Scraped caption text data:
▼▼▼
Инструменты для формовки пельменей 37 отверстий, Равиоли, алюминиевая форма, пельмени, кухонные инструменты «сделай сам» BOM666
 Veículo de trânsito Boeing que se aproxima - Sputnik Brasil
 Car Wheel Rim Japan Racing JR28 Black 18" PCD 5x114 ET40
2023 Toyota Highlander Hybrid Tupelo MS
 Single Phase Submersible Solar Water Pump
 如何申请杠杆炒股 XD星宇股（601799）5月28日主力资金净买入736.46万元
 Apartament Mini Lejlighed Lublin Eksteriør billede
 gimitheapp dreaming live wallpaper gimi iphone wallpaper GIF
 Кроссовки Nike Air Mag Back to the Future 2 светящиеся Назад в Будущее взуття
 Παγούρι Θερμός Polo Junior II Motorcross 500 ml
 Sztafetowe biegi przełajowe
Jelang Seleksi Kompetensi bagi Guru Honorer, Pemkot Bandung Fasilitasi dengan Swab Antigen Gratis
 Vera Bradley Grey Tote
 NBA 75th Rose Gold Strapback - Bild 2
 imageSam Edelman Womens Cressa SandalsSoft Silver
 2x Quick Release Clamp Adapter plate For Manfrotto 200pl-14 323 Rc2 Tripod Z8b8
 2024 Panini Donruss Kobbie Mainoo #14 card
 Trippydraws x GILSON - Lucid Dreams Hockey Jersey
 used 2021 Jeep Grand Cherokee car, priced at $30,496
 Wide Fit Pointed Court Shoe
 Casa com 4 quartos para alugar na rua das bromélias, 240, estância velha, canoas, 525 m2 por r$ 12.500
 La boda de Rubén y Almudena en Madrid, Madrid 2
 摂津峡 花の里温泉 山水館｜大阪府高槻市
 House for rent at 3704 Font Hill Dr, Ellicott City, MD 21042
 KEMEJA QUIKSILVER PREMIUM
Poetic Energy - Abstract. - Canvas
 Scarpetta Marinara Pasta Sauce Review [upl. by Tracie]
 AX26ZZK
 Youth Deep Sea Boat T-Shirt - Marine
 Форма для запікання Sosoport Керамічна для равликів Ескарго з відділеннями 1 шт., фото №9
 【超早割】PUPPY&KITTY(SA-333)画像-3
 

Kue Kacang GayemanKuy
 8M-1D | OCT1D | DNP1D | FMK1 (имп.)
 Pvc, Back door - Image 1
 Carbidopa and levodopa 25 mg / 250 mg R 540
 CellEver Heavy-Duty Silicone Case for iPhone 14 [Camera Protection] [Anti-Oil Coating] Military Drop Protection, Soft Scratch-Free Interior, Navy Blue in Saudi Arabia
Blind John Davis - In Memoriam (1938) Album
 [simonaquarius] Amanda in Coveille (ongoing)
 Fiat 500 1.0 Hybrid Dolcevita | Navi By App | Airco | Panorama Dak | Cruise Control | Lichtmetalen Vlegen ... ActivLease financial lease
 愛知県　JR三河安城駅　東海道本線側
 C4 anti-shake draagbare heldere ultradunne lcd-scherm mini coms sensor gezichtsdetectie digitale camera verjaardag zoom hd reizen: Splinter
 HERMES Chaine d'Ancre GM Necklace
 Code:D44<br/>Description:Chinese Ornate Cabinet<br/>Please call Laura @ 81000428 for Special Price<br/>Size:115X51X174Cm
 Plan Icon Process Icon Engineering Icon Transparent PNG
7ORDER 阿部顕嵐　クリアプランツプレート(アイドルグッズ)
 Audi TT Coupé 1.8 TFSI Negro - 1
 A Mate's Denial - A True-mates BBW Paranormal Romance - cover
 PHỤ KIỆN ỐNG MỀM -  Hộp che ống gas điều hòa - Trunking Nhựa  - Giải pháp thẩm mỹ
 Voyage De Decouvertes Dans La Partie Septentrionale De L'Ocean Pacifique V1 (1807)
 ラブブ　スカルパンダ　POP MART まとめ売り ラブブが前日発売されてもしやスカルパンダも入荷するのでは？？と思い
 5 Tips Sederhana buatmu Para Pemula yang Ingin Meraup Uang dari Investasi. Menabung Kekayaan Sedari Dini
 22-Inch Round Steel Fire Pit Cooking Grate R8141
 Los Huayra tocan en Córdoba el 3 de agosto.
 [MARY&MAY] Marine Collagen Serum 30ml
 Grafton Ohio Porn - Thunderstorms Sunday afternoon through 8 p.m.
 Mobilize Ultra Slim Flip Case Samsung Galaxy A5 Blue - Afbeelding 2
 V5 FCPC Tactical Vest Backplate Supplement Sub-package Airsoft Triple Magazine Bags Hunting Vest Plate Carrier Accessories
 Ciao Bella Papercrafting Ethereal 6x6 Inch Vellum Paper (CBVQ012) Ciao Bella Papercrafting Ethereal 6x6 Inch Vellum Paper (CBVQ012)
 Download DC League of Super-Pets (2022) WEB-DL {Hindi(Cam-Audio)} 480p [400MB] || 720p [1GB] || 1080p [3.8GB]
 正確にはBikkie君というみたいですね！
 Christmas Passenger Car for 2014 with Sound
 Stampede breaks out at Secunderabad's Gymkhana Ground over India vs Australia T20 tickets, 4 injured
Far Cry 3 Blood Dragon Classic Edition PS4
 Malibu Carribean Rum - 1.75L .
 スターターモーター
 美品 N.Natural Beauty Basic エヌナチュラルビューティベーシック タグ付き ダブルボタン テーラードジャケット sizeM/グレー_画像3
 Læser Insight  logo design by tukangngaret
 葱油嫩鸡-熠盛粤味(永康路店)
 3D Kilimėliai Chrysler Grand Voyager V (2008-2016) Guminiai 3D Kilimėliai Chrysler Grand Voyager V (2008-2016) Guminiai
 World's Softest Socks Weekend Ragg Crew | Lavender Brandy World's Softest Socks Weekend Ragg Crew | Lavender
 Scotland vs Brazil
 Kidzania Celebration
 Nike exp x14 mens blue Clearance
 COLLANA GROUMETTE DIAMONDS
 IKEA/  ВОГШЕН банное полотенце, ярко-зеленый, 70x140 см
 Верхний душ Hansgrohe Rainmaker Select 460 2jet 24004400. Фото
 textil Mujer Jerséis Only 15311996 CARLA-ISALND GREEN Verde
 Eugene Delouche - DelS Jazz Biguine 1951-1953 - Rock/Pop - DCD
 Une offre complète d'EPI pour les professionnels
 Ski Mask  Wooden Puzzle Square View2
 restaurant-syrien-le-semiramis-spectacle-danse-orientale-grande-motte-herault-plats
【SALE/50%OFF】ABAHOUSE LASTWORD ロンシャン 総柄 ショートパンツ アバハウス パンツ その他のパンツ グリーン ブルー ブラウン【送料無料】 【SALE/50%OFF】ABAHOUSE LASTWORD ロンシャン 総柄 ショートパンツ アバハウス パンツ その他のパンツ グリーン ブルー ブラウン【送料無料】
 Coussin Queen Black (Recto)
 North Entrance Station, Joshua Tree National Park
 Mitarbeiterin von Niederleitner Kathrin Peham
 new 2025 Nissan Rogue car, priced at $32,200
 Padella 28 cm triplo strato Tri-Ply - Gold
▲▲▲
Every entry must be printed again, exactly as it reads.

Инструменты для формовки пельменей 37 отверстий, Равиоли, алюминиевая форма, пельмени, кухонные инструменты «сделай сам» BOM666
 Veículo de trânsito Boeing que se aproxima - Sputnik Brasil
 Car Wheel Rim Japan Racing JR28 Black 18" PCD 5x114 ET40
2023 Toyota Highlander Hybrid Tupelo MS
 Single Phase Submersible Solar Water Pump
 如何申请杠杆炒股 XD星宇股（601799）5月28日主力资金净买入736.46万元
 Apartament Mini Lejlighed Lublin Eksteriør billede
 gimitheapp dreaming live wallpaper gimi iphone wallpaper GIF
 Кроссовки Nike Air Mag Back to the Future 2 светящиеся Назад в Будущее взуття
 Παγούρι Θερμός Polo Junior II Motorcross 500 ml
 Sztafetowe biegi przełajowe
Jelang Seleksi Kompetensi bagi Guru Honorer, Pemkot Bandung Fasilitasi dengan Swab Antigen Gratis
 Vera Bradley Grey Tote
 NBA 75th Rose Gold Strapback - Bild 2
 imageSam Edelman Womens Cressa SandalsSoft Silver
 2x Quick Release Clamp Adapter plate For Manfrotto 200pl-14 323 Rc2 Tripod Z8b8
 2024 Panini Donruss Kobbie Mainoo #14 card
 Trippydraws x GILSON - Lucid Dreams Hockey Jersey
 used 2021 Jeep Grand Cherokee car, priced at $30,496
 Wide Fit Pointed Court Shoe
 Casa com 4 quartos para alugar na rua das bromélias, 240, estância velha, canoas, 525 m2 por r$ 12.500
 La boda de Rubén y Almudena en Madrid, Madrid 2
 摂津峡 花の里温泉 山水館｜大阪府高槻市
 House for rent at 3704 Font Hill Dr, Ellicott City, MD 21042
 KEMEJA QUIKSILVER PREMIUM
Poetic Energy - Abstract. - Canvas
 Scarpetta Marinara Pasta Sauce Review [upl. by Tracie]
 AX26ZZK
 Youth Deep Sea Boat T-Shirt - Marine
 Форма для запікання Sosoport Керамічна для равликів Ескарго з відділеннями 1 шт., фото №9
 【超早割】PUPPY&KITTY(SA-333)画像-3
 

Kue Kacang GayemanKuy
 8M-1D | OCT1D | DNP1D | FMK1 (имп.)
 Pvc, Back door - Image 1
 Carbidopa and levodopa 25 mg / 250 mg R 540
 CellEver Heavy-Duty Silicone Case for iPhone 14 [Camera Protection] [Anti-Oil Coating] Military Drop Protection, Soft Scratch-Free Interior, Navy Blue in Saudi Arabia
Blind John Davis - In Memoriam (1938) Album
 [simonaquarius] Amanda in Coveille (ongoing)
 Fiat 500 1.0 Hybrid Dolcevita | Navi By App | Airco | Panorama Dak | Cruise Control | Lichtmetalen Vlegen ... ActivLease financial lease
 愛知県　JR三河安城駅　東海道本線側
 C4 anti-shake draagbare heldere ultradunne lcd-scherm mini coms sensor gezichtsdetectie digitale camera verjaardag zoom hd reizen: Splinter
 HERMES Chaine d'Ancre GM Necklace
 Code:D44<br/>Description:Chinese Ornate Cabinet<br/>Please call Laura @ 81000428 for Special Price<br/>Size:115X51X174Cm
 Plan Icon Process Icon Engineering Icon Transparent PNG
7ORDER 阿部顕嵐　クリアプランツプレート(アイドルグッズ)
 Audi TT Coupé 1.8 TFSI Negro - 1
 A Mate's Denial - A True-mates BBW Paranormal Romance - cover
 PHỤ KIỆN ỐNG MỀM -  Hộp che ống gas điều hòa - Trunking Nhựa  - Giải pháp thẩm mỹ
 Voyage De Decouvertes Dans La Partie Septentrionale De L'Ocean Pacifique V1 (1807)
 ラブブ　スカルパンダ　POP MART まとめ売り ラブブが前日発売されてもしやスカルパンダも入荷するのでは？？と思い
 5 Tips Sederhana buatmu Para Pemula yang Ingin Meraup Uang dari Investasi. Menabung Kekayaan Sedari Dini
 22-Inch Round Steel Fire Pit Cooking Grate R8141
 Los Huayra tocan en Córdoba el 3 de agosto.
 [MARY&MAY] Marine Collagen Serum 30ml
 Grafton Ohio Porn - Thunderstorms Sunday afternoon through 8 p.m.
 Mobilize Ultra Slim Flip Case Samsung Galaxy A5 Blue - Afbeelding 2
 V5 FCPC Tactical Vest Backplate Supplement Sub-package Airsoft Triple Magazine Bags Hunting Vest Plate Carrier Accessories
 Ciao Bella Papercrafting Ethereal 6x6 Inch Vellum Paper (CBVQ012) Ciao Bella Papercrafting Ethereal 6x6 Inch Vellum Paper (CBVQ012)
 Download DC League of Super-Pets (2022) WEB-DL {Hindi(Cam-Audio)} 480p [400MB] || 720p [1GB] || 1080p [3.8GB]
 正確にはBikkie君というみたいですね！
 Christmas Passenger Car for 2014 with Sound
 Stampede breaks out at Secunderabad's Gymkhana Ground over India vs Australia T20 tickets, 4 injured
Far Cry 3 Blood Dragon Classic Edition PS4
 Malibu Carribean Rum - 1.75L .
 スターターモーター
 美品 N.Natural Beauty Basic エヌナチュラルビューティベーシック タグ付き ダブルボタン テーラードジャケット sizeM/グレー_画像3
 Læser Insight  logo design by tukangngaret
 葱油嫩鸡-熠盛粤味(永康路店)
 3D Kilimėliai Chrysler Grand Voyager V (2008-2016) Guminiai 3D Kilimėliai Chrysler Grand Voyager V (2008-2016) Guminiai
 World's Softest Socks Weekend Ragg Crew | Lavender Brandy World's Softest Socks Weekend Ragg Crew | Lavender
 Scotland vs Brazil
 Kidzania Celebration
 Nike exp x14 mens blue Clearance
 COLLANA GROUMETTE DIAMONDS
 IKEA/  ВОГШЕН банное полотенце, ярко-зеленый, 70x140 см
 Верхний душ Hansgrohe Rainmaker Select 460 2jet 24004400. Фото
 textil Mujer Jerséis Only 15311996 CARLA-ISALND GREEN Verde
 Eugene Delouche - DelS Jazz Biguine 1951-1953 - Rock/Pop - DCD
 Une offre complète d'EPI pour les professionnels
 Ski Mask  Wooden Puzzle Square View2
 restaurant-syrien-le-semiramis-spectacle-danse-orientale-grande-motte-herault-plats
【SALE/50%OFF】ABAHOUSE LASTWORD ロンシャン 総柄 ショートパンツ アバハウス パンツ その他のパンツ グリーン ブルー ブラウン【送料無料】 【SALE/50%OFF】ABAHOUSE LASTWORD ロンシャン 総柄 ショートパンツ アバハウス パンツ その他のパンツ グリーン ブルー ブラウン【送料無料】
 Coussin Queen Black (Recto)
 North Entrance Station, Joshua Tree National Park
 Mitarbeiterin von Niederleitner Kathrin Peham
 new 2025 Nissan Rogue car, priced at $32,200
 Padella 28 cm triplo strato Tri-Ply - Gold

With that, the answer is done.